関西地方では麺といえば、うどんが主で蕎麦は従です。これに対して関東では逆でうどんより蕎麦が好まれる傾向があります。ただ、その食べ方は同じで、東西とも醤油、味醂、ダシ汁などで調合したつゆをかけたり、つけたりしてすすります。

 

うどんは小麦粉に食塩、水を加えて練りあわせて粘りのあるグルテンを形成させ帯状に切り出したもので、米のような粒食が中心の日本人にあっては、蕎麦と並ぶ代表的な粉食食品です。

 

小麦粉の団子を煮込んだものが原形なので本来は煮込みうどんが古いスタイルの食べ方ですが、今では茹でたうどんに天ぷらや油揚げ、揚げ玉、肉や卵などをのせる「種物」がほとんどになっています。

 

それからの日本人は得意の知恵を発揮し、さまざまなタイプの蕎麦を次々に考えました。

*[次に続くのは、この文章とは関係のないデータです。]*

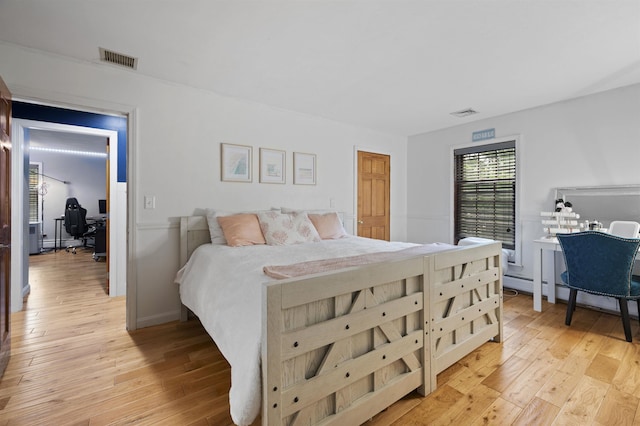 2 Ridgewood Dr, Kingston, NH 03848 - bedroom featuring an office area, light wood-style flooring, and a baseboard heating unit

つなぎに鶏卵を用いた卵切り、鯛のすり身を使う鯛切り、挽茶を使う茶蕎麦、柚子での柚子切りなど。

 

この種物うどんではいろいろな具をのせて食味に幅を持たせたり、栄養補給や色合いの楽しみを織り込んだりしていて、そこに日本人らしい知恵や感性を垣間見ることができます。

 

その知恵は各地で発展して香川県の讃岐うどん、京都や大阪の関西系うどん、名古屋のきしめん、山梨県のほうとう、群馬県の水沢うどん、秋田県の稲庭うどんなど数々のご当地うどんが生まれました。

 

ちなみに平成22年の総務省家計調査によると、全国の県庁所在地の1世帯当たりの生うどん・そばの年間消費支出額は香川県の高松市がダントツでトップでした。

 

「香川では蛇口をひねるとうどんのだしが出る!」という都市伝説そのままに、高松空港内にある特産品PRコーナーの一角には、本格的なダシが出る蛇口があって試飲できるそうです。うどん県の香川、そこまでやるとは恐るべし!